----- DATA SHOWN -----
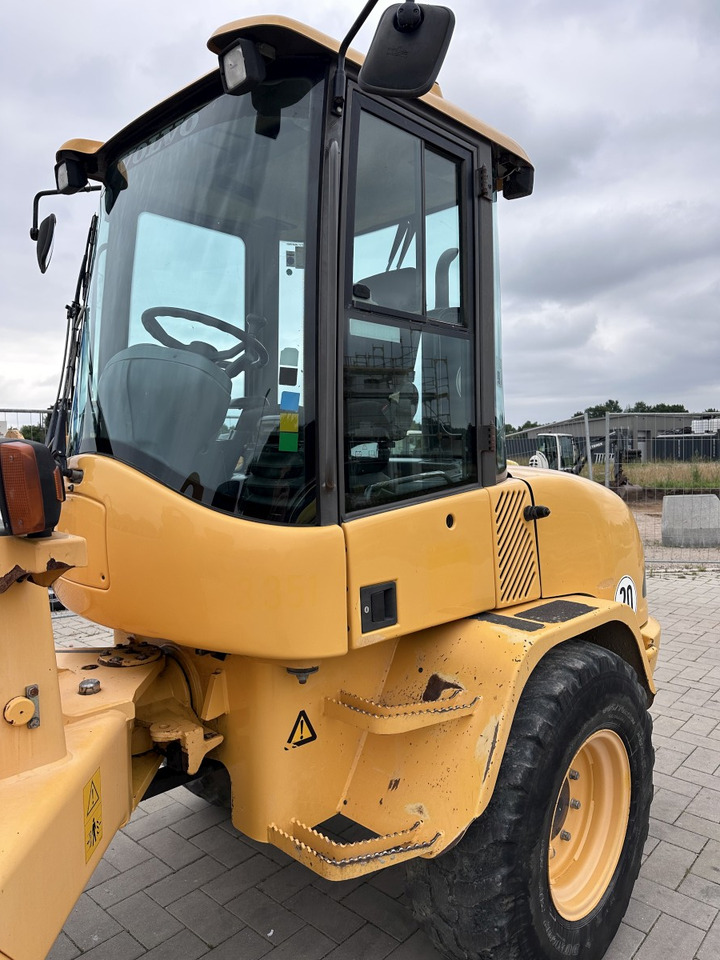 Wheel loader VOLVO L 30 B PRO 3er Kreis Klappschaufel+Palettengabel: picture 23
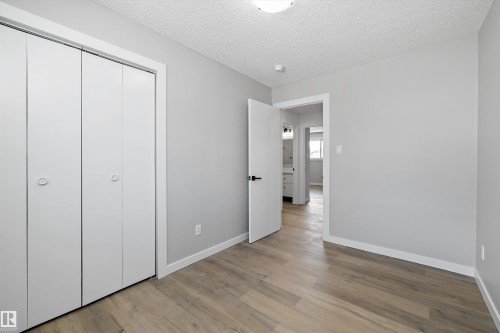 22 Huron Drive, Leduc, AB - Indoor Photo Showing Other Room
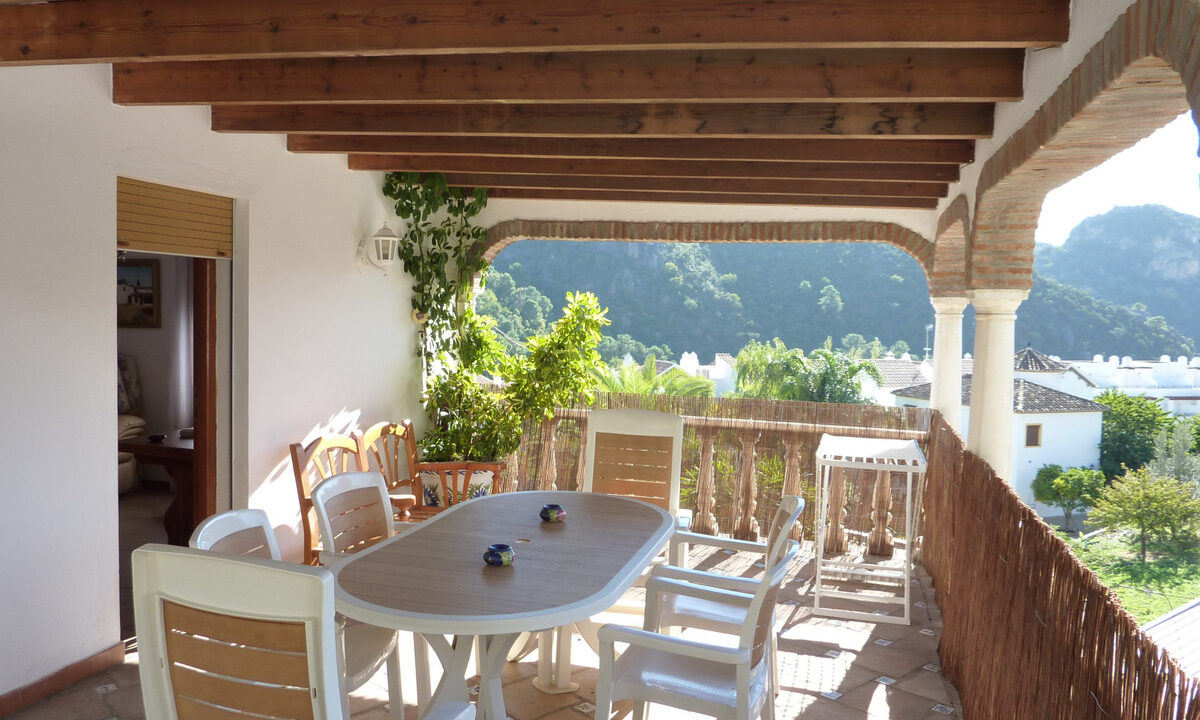 Detached Villa for sale in Málaga Benahavís Costa del Sol Spain - Jacques Olivier Marbella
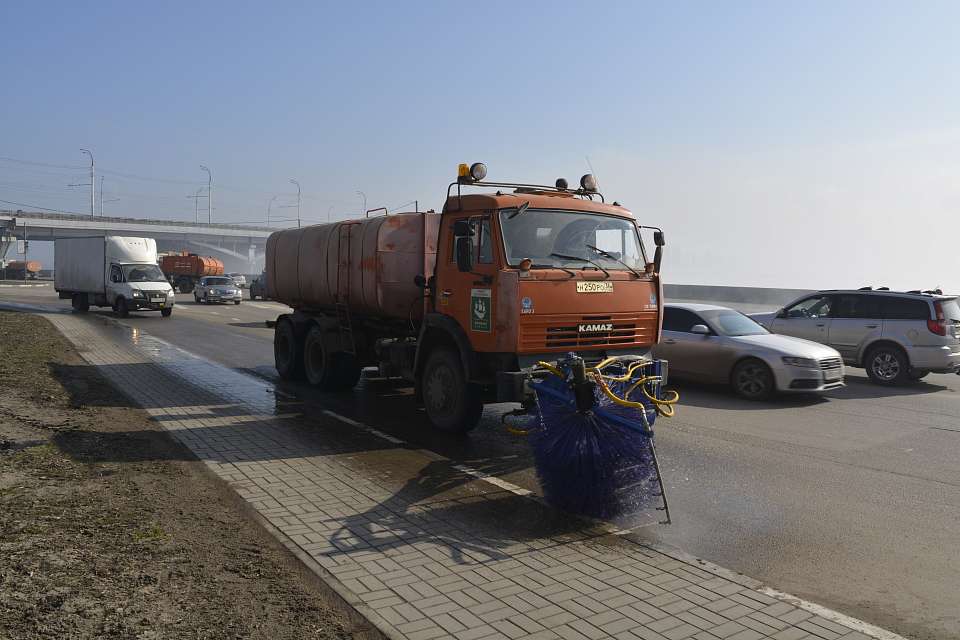 В  Центральном районе Воронежа приступили к новому виду работ – мойке бордюрного камня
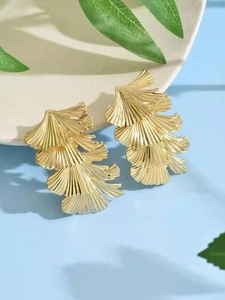 Detailansicht goldener Ginkgo-Ohrringe mit drelagigem, strukturiertem Metalldesign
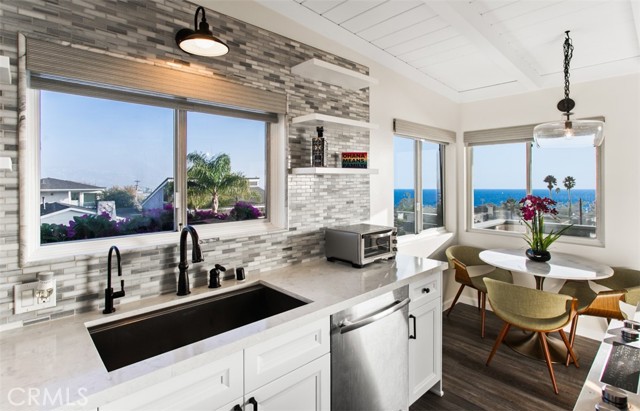 Detail Gallery Image 7 of 46 For 284 Chiquita, Laguna Beach,  CA 92651 - 4 Beds | 2/2 Baths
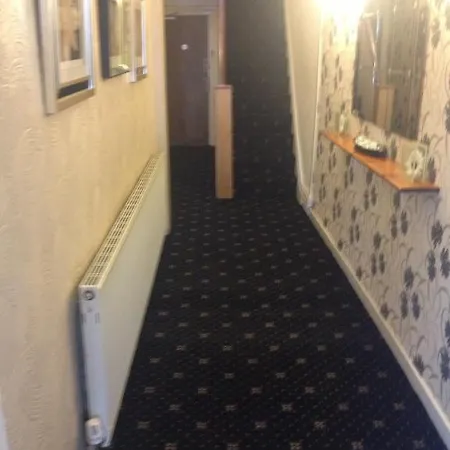The Rutlands 3*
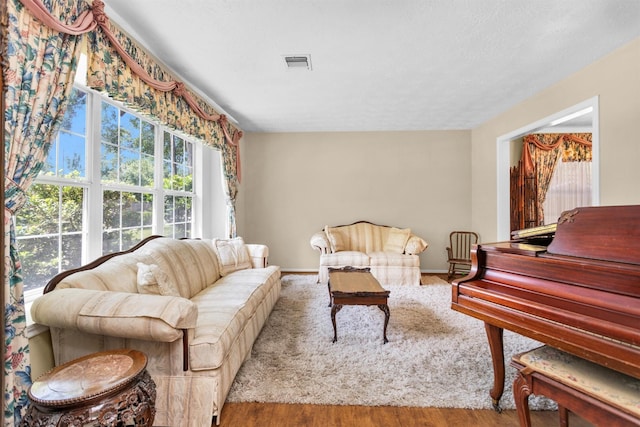 5934 Foresthaven Dr, Houston, TX 77066 - living area with wood finished floors and baseboards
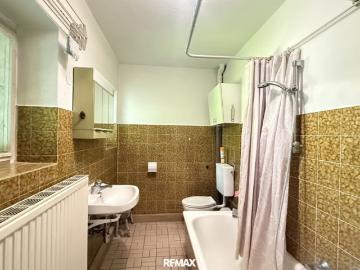 Gemütliches Einfamilienhaus mit 5 Zimmer, Garage und Holzhütte in sonniger erhöhter Ruhelage mit Weitblick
-----
» WHAT YOU ARE ASKED TO DO: Your copy should match every record exactly and contain no pictures.

» FINISHED EXERCISE:
 Wheel loader VOLVO L 30 B PRO 3er Kreis Klappschaufel+Palettengabel: picture 23
 22 Huron Drive, Leduc, AB - Indoor Photo Showing Other Room
 Detached Villa for sale in Málaga Benahavís Costa del Sol Spain - Jacques Olivier Marbella
 В  Центральном районе Воронежа приступили к новому виду работ – мойке бордюрного камня
 Detailansicht goldener Ginkgo-Ohrringe mit drelagigem, strukturiertem Metalldesign
 Detail Gallery Image 7 of 46 For 284 Chiquita, Laguna Beach,  CA 92651 - 4 Beds | 2/2 Baths
The Rutlands 3*
 5934 Foresthaven Dr, Houston, TX 77066 - living area with wood finished floors and baseboards
 Gemütliches Einfamilienhaus mit 5 Zimmer, Garage und Holzhütte in sonniger erhöhter Ruhelage mit Weitblick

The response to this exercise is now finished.